Interest rates on overnight loans and deposits also decreased by 0.5 percentage points - to 6.25% and 2.25% per annum, respectively, the central bank, BNM, said in a press release on Tuesday.
The rate cut is aimed at further stimulating aggregate demand, currently disinflationary, including by encouraging consumption, balancing the national economy, and anchoring inflationary expectations.
This is the seventh cut in the BNM's policy rate since August 2023 when it stood at 21.5% - the highest level since 2001.
Moldova's annual inflation eased to 4.2% in December from 5.5% a month earlier, slightly lower than expected. The deviation from the forecast was mainly driven by the unexpected drop in the electricity tariff in November and the statistical reflection of compensations for high energy prices granted to the population during the cold months of the year.
Moldova's economy expanded by an annual 2.6% in the third quarter of 2023, mainly due to due to a bountiful harvest that led to higher exports and lower imports of agri-food products.

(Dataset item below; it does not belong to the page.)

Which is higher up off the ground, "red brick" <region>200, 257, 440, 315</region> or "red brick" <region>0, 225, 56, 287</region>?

The BNM expects average annual inflation to come in at around 4.7% this year and 4.5% next year.
In regards to the inflation outlook, external forecasted risks and uncertainties remain high, including tensions in the Middle East, the blockade of Red Sea transport routes, the conflict in Ukraine, temporary supply shocks, food prices, economic decline in the euro area, timing of monetary policy relaxation, and potential geopolitical shifts after the 2024 elections.
Internally, uncertainties involve tariff adjustments, changes in CPI basket weights, reflecting energy resource compensations in statistics, refugee influx, weather conditions, and future harvests, the BNM said.
The BNM's executive board will hold its next monetary policy meeting on March 21.